The film proposes that in the year 2019 - precisely 14 years from now - we will all be wearing skintight lycra jumpsuits. (Doubtless Sienna Miller will have been snapped wearing one the week before while out walking on Primrose Hill with her on-off boyfriend Jude Law, sparking the trend.) Yorkshire's very own Sean Bean will have risen to the point where he can lord it over a top-secret cloning facility located in premises formerly used as the Industrial Zone of TV's The Crystal Maze. One of those clones, Lincoln Six-Echo (McGregor), proves to be the inquisitive sort. We know this, as every other line to come out of McGregor's mouth in the first hour of the film ends with a question mark. Who am I? What am I doing here? What's my accent supposed to be again? Why am I named after a provincial newspaper?
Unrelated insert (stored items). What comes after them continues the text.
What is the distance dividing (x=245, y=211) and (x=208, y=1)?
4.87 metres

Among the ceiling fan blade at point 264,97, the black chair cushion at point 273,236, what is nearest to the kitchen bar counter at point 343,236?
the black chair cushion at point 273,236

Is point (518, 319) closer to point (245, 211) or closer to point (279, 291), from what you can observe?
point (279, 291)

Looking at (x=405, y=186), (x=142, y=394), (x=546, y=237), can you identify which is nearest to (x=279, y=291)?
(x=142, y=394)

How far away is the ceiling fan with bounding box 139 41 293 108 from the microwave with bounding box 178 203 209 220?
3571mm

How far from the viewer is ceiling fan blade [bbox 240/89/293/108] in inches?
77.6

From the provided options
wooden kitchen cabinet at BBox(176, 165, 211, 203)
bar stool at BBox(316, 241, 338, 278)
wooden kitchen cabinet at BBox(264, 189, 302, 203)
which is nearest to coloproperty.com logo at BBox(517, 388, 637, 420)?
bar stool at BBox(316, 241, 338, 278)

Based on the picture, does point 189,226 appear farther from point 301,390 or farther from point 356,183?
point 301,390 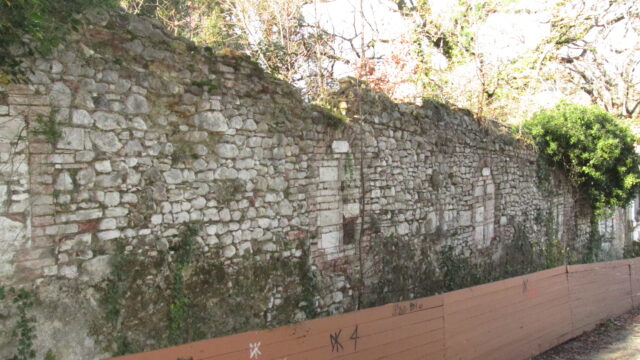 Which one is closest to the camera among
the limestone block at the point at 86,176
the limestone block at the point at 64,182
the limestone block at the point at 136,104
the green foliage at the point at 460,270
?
the limestone block at the point at 64,182

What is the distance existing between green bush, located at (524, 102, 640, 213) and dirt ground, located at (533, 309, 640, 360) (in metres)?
3.30

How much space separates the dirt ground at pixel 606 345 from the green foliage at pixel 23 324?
24.2 ft

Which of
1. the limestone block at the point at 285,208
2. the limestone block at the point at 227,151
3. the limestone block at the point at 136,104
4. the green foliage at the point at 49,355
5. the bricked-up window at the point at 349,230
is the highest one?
the limestone block at the point at 136,104

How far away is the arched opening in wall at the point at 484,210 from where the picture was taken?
8.90 metres

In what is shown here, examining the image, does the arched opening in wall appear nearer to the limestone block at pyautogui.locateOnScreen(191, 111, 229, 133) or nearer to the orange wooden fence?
the orange wooden fence

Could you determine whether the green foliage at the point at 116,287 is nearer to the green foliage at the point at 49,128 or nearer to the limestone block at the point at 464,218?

Lincoln's best bud Jordan Two-Delta (Scarlett Johansson), presumably named for a midwestern college sorority, has been chosen to visit "The Island" as part of a lottery draw that appears to have undergone a greatly more successful rebranding than the one currently fronted by Dale Winton and Fay Ripley; in 2019, the lottery is fronted by a soulless automaton, and still everybody watches it. Anyhow, Lincoln has sensed that something's up, so he grabs Jordan, and they leg it. For thirty minutes, we get the barest hint of a story, after which the film turns into one long, extended chase sequence. "RUN!," shouts expositionary mechanic Steve Buscemi, to get McGregor and Johansson going. "RUN!," shouts Johansson ten minutes later, setting off another burst of activity. "GO!," shouts McGregor ten minutes after that, to show how varied and complex the script is.

It is, it has to be said, a terrific giggle, the Big Themes of Gattaca and The Truman Show replayed as big, splashy, throw-another-stack-of-$100-bills-on-the-fire thrills. Director Michael Bay has shown evidence of a sense of humour before: he made The Rock and Armageddon before subjecting us all to Pearl Harbor. Yet you could argue the reason The Island functions as well as it does is Bay's complete inability to handle his actors. There is, thankfully, none of the monotonous uniformity of the leads in Pearl Harbor; instead, we spot tiny insurrections going on in the middle of Bay's usual multi-million dollar chaos. McGregor and Johansson are too free-spirited and independent not to realise they're up to their necks in trash; Djimon Hounsou plays his cop role straight, and is all the better for it; Bean, who signals intelligence by pushing his glasses up his nose repeatedly, plays it entirely straight, and is never less than entirely, unintentionally hilarious.

Bay gives them all free rein, largely as he's busy ensuring all the usual SF/action cliches are present and correct, in typically Big and Loud states: a sterile future-zone; the slow pan over a balcony to reveal a vast chamber of corpses and bodies being used for nefarious purposes; even a bit where the female lead rescues the male lead from peril by taking a monkey wrench to his attacker's head. The Island is one of those films that works in spite of itself; it should, by its very nature, be appalling, but instead it plows on relentlessly, leaving the viewer unsure as to how or why it flies quite as well as it does. Then again, it's written by one Caspian Treadwell-Owen, against which names like Lincoln Six-Echo and Jordan Two-Delta begin to look positively sensible.

(August 2005)

The Island screens on ITV1 tonight at 10.35pm.